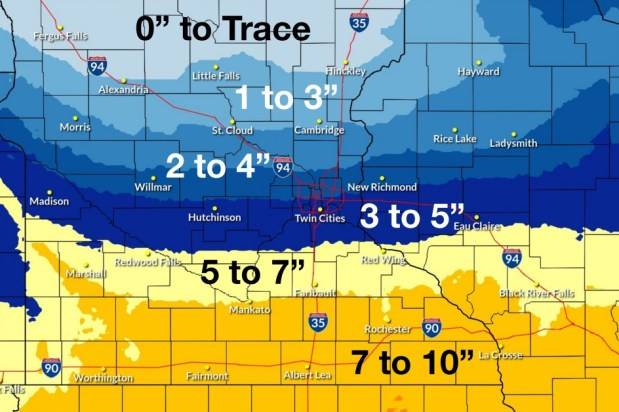 More snow on the way: Here’s how much we could get this weekend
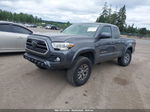 2019 Toyota Tacoma Sr5 Gray vin: 5TFSX5EN6KX065659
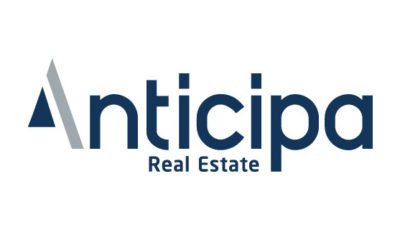 logo vector Anticipa Real Estate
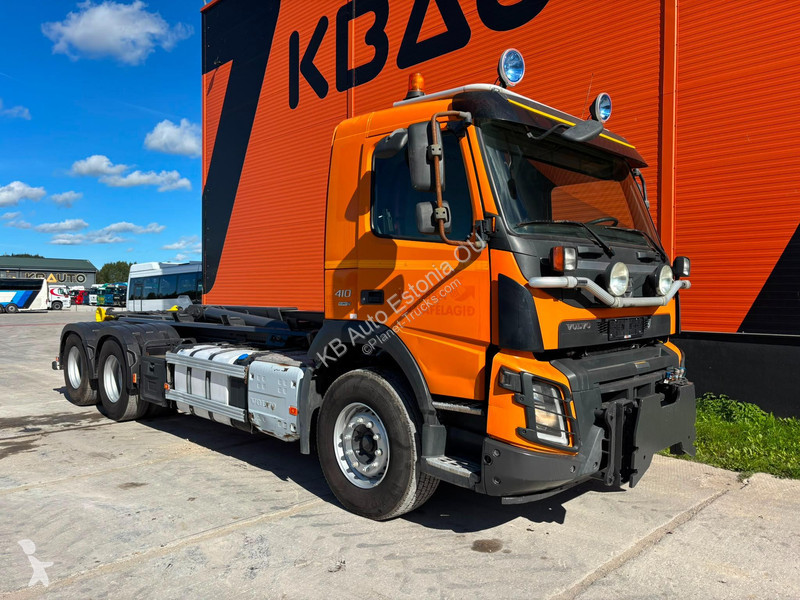 Camión Volvo FMX 6x4 HIAB XR 21 ton / L=5900 mm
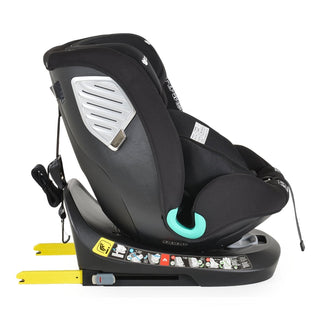 Silla de coche Serengeti 40 - 150 cm Negro - Kokolindo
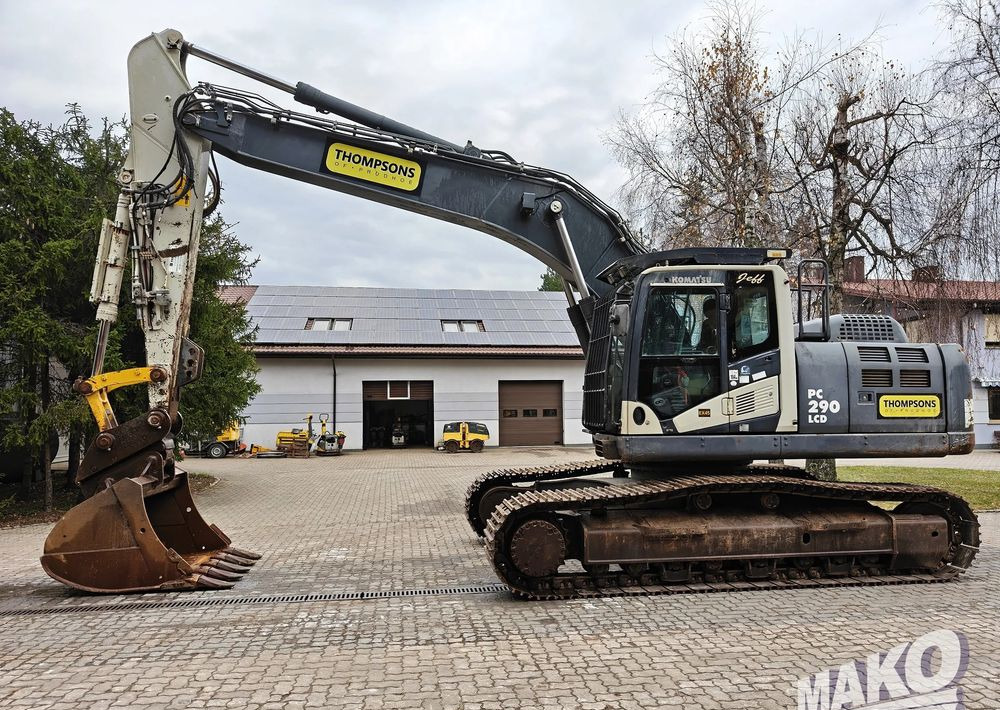 Komatsu PC290LC-10 - Багер гасеничар: слика 1 Komatsu PC290LC-10 - Багер гасеничар: слика 1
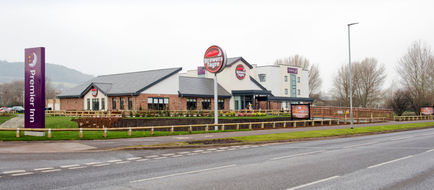 Premier Inn Minehead Exterior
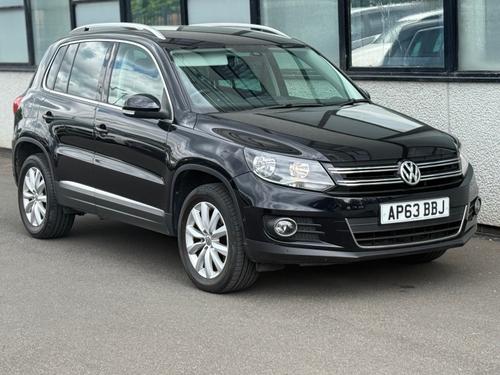 2014 VOLKSWAGEN TIGUAN 2.0 TDI BLUEMOTION TECH MATCH 5DR DIESEL 133,000 MILES MANUAL ONLY 4,495... photo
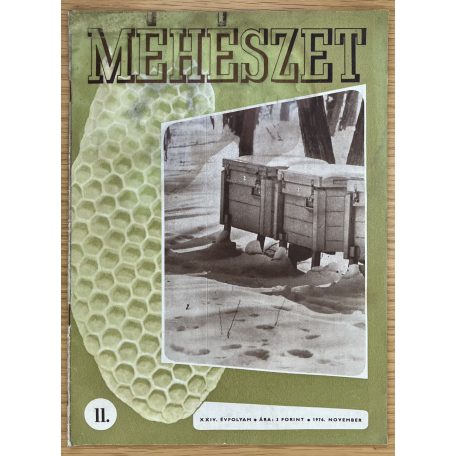 Méhészet 1976.  XXIV. évfolyam 4., 6-12. szám (8 db)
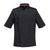 Stretch MeshAir Pro Jacke, kurzarm - Schwarz (BKR)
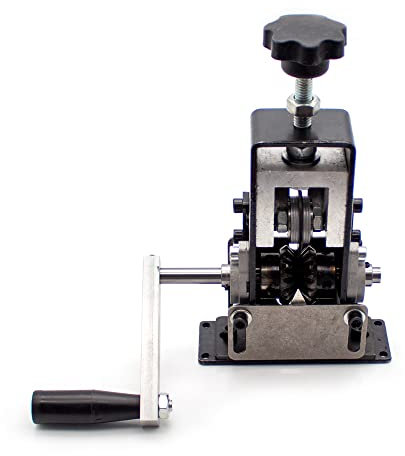 Toplionace Máquina Pelacables Pequeña de 1-20mm, Pelacables con Manivela Manual, Se Puede Conectar a Un Taladro Eléctrico
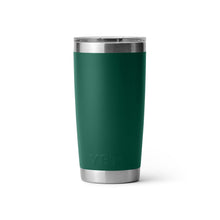Yeti Rambler 20oz Tumbler with MagSlider Lid - Black Forest Green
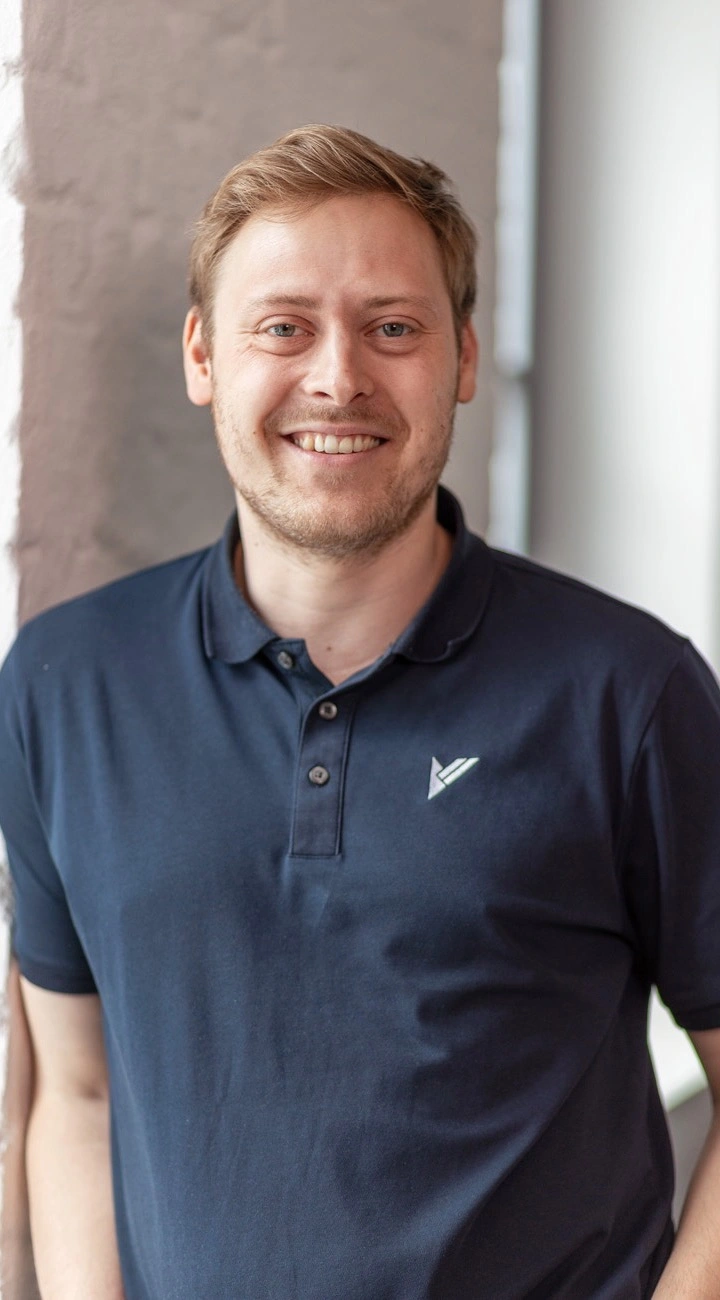 Portrait Marlon Gilfert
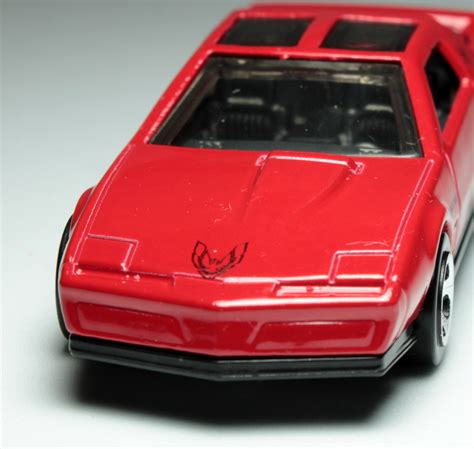 Pontiac Firebird Hot Wheels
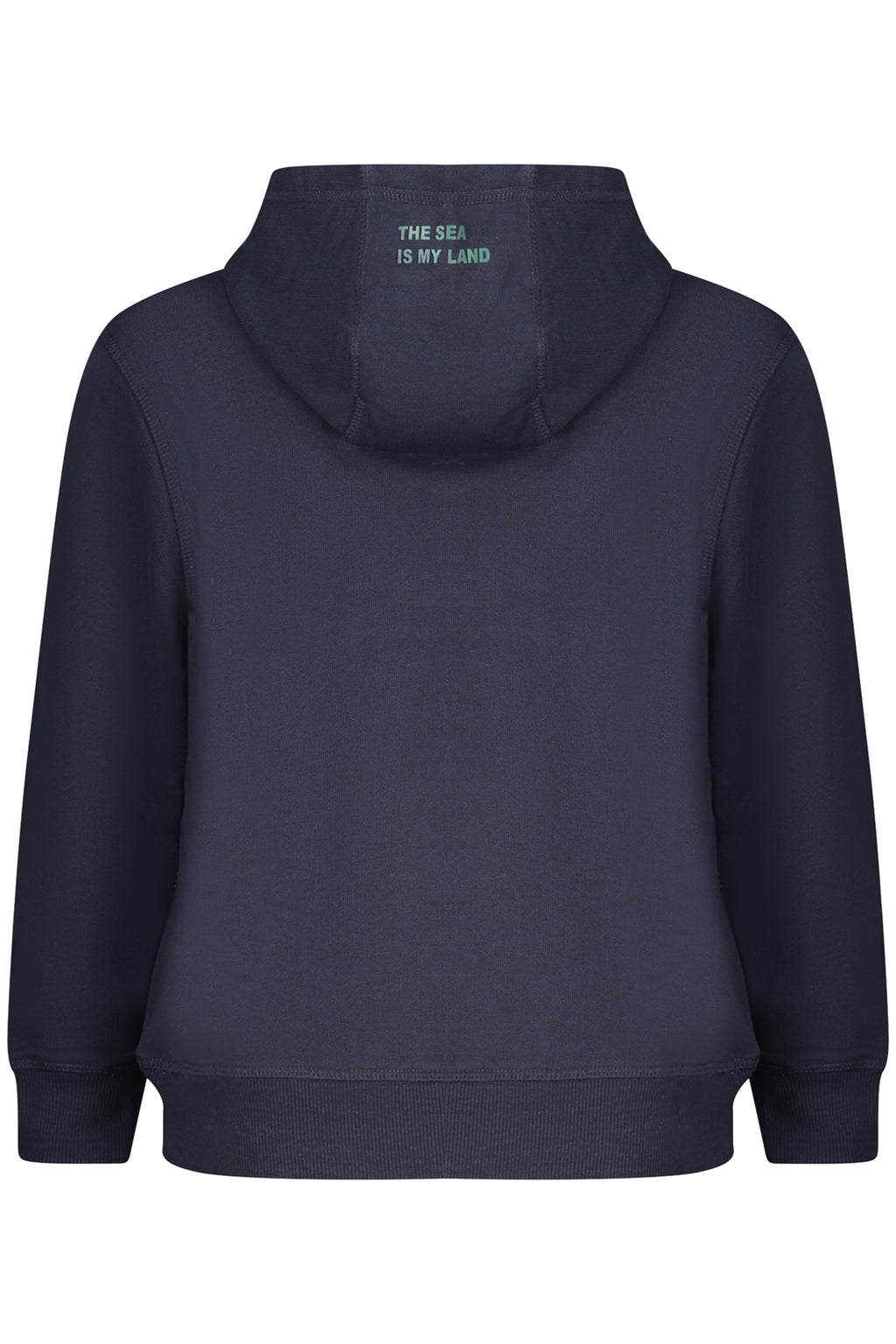 NORTH SAILS KINDER-SWEATSHIRT IN BLAUEM ZIP-UP-MODE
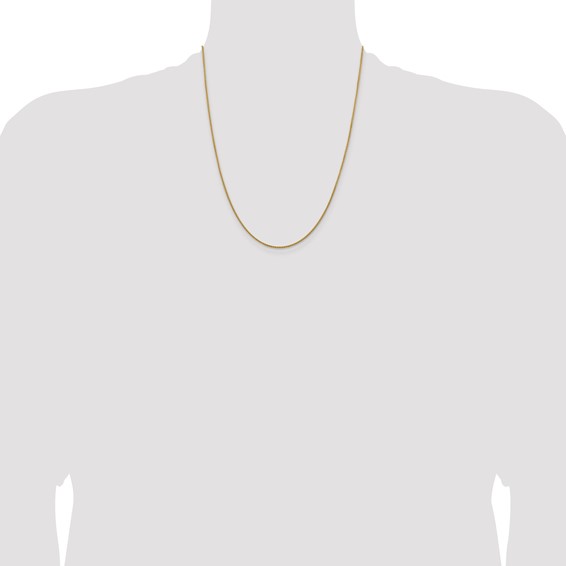 Leslie's 14K 1.5mm Spiga Chain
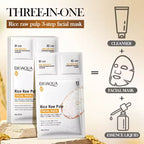 Bioaqua 3 Step Rice Raw Pulp Facial Mask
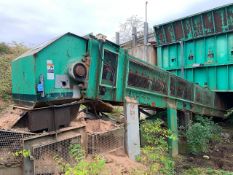 Sorter Feed Belt Approximate Dimensions:Height - 500cm; Width - 480cm; Depth - 16M Ref - 2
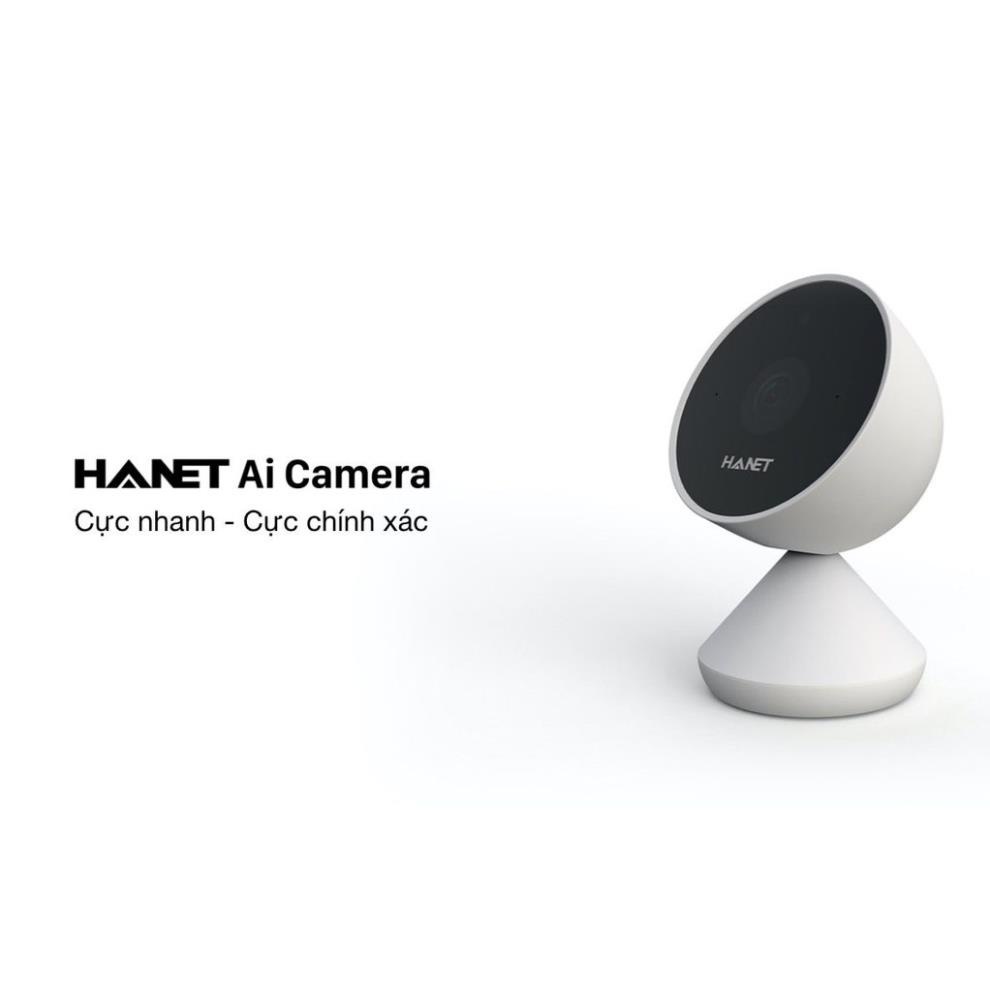 Camera wifi AI Hanet HA1000 2K- trí tuệ nhân tạo, chấm công khuôn mặt, nhắc nhở đeo khẩu trang, báo động | BigBuy360 - bigbuy360.vn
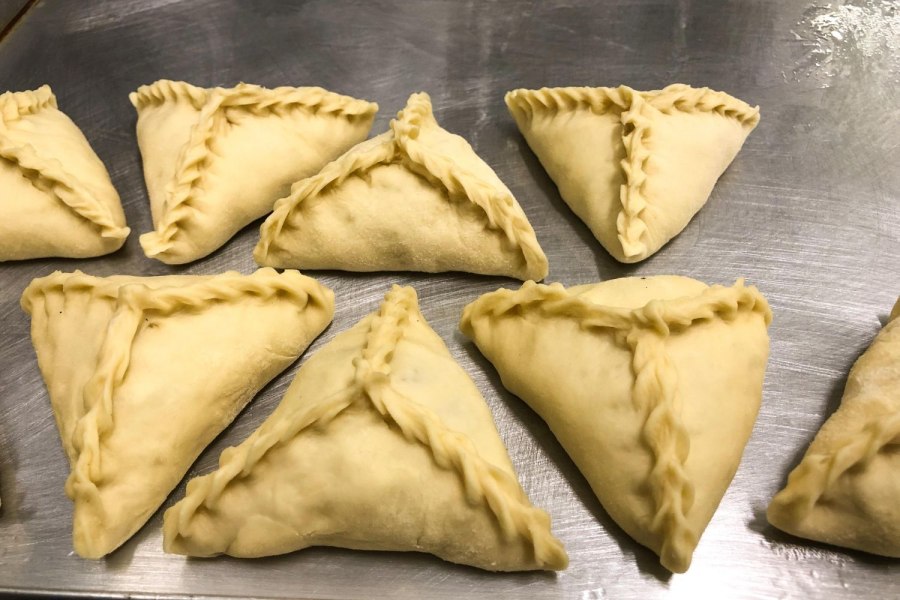 Татарская кухня эчпочмаки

TASK TO CARRY OUT> In your answer, repeat all the entries exactly, but leave out the pictures.

TASK OUTPUT>
 More snow on the way: Here’s how much we could get this weekend
 2019 Toyota Tacoma Sr5 Gray vin: 5TFSX5EN6KX065659
 logo vector Anticipa Real Estate
 Camión Volvo FMX 6x4 HIAB XR 21 ton / L=5900 mm
 Silla de coche Serengeti 40 - 150 cm Negro - Kokolindo
 Komatsu PC290LC-10 - Багер гасеничар: слика 1 Komatsu PC290LC-10 - Багер гасеничар: слика 1
 Premier Inn Minehead Exterior
 2014 VOLKSWAGEN TIGUAN 2.0 TDI BLUEMOTION TECH MATCH 5DR DIESEL 133,000 MILES MANUAL ONLY 4,495... photo
 Méhészet 1976.  XXIV. évfolyam 4., 6-12. szám (8 db)
 Stretch MeshAir Pro Jacke, kurzarm - Schwarz (BKR)
 Toplionace Máquina Pelacables Pequeña de 1-20mm, Pelacables con Manivela Manual, Se Puede Conectar a Un Taladro Eléctrico
Yeti Rambler 20oz Tumbler with MagSlider Lid - Black Forest Green
 Portrait Marlon Gilfert
 Pontiac Firebird Hot Wheels
 NORTH SAILS KINDER-SWEATSHIRT IN BLAUEM ZIP-UP-MODE
 Leslie's 14K 1.5mm Spiga Chain
 Bioaqua 3 Step Rice Raw Pulp Facial Mask
 Sorter Feed Belt Approximate Dimensions:Height - 500cm; Width - 480cm; Depth - 16M Ref - 2
 Camera wifi AI Hanet HA1000 2K- trí tuệ nhân tạo, chấm công khuôn mặt, nhắc nhở đeo khẩu trang, báo động | BigBuy360 - bigbuy360.vn
 Татарская кухня эчпочмаки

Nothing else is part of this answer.